One thing that irks me is that they throw around the phrase zero cost abstraction a lot. And I just don’t buy it. Sure I get it, lots of things can be monomorphized so we don’t pay a runtime cost, but there is still a large compilation hit to do that, and it’s not zero cost to the programmer. One need only to look at Chandler Carruth’s cppcon talk “there are no zero cost abstractions” to understand that.


> It’s doing so many more checks for you then other compilers to prevent lots of problems that it’s bound to be slow.

The checks aren't the longest part of compile times, so that's not really it.

It is true that there are aspects of the design that lead to slower compile times than other languages, but it's more of what you're talking about at the end: monomorphization is great for a lack of runtime speed, but increases compile times. There's a lot more complexity here than simply "rust's safety checks are slow."

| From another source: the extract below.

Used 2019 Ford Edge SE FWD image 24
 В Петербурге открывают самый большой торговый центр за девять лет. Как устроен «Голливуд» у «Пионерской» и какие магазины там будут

(And, "zero cost abstractions" was always speaking about runtime cost.)


If monomorphization is the killer, has the rust team considered adding a flag to compile all generics as trait objects in debug mode? Maybe there are some reasons this is impossible I haven’t thought of.


People have asked, but only some traits are object safe, for example. Maybe someone could come up with a way to make it work, but nobody has attempted to put in that work, and it would be much more complex than "oh just make this flag run the "trait object" codegen instead of the "monomorphization" codegen."

Also, in general, we don't like flags that change language semantics. This one might be acceptable though, but I'm not on the lang/compiler teams.


Why would it change language semantics? Haskell’s polymorphism to my eye seems about the same as rust’s, and it doesn’t need to worry about object safety


Haskell's polymorphism isn't the same as rust. Rust has two kinds of polymorphism.

Static dispatch:

  fn show<T>(a: T) -> String
  where T: Display
  {
    Display::fmt(a)
  }

  fn main() {
    show(1_i32);
    show(1.0_f32);
  }
is (handwaves) first translated to a version with no generics

  fn show_i32(a: i32) -> String {
    i32::fmt(a)
  }

  fn show_f32(a: f32) -> String {
    f32::fmt(a)
  }

  fn main() {
    show_i32(1_i32);
    show_f32(1.0_f32);
  }
You can probably see how the more permutations of functions you need to generate the slower it gets.

Dynamic dispatch:

  fn show(a: Box<dyn Display>) -> String {
    Display::fmt(a)
  }

  fn main() {
    show(1_i32);
    show(1.0_f32);
  }
This translates to (handwaves):

  fn show(a: Box<dyn Display>) -> String {
    let fmt_fn = lookup_fn(Display::fmt, typeid_of(a))
    fmt_fn(a)
  }

  fn main() {
    show(1_i32);
    show(1.0_f32);
  }
This is simple to compile, but you need to do some extra work at runtime.


That's not an answer though. I believe (but I know little of both Haskell and Rust) that Haskell polymorphism is at least as powerful as rust static polymorphism but it is normally implemented via type erasure.

I think the real reason is that rust gives additional guarantees about lack of allocation and object layout that are hard to implement with dictionary passing (BitC tried and failed).


I agree somewhat, in Haskell you can write generic functions without traits, and I think they are not monomorphized. (map for example.)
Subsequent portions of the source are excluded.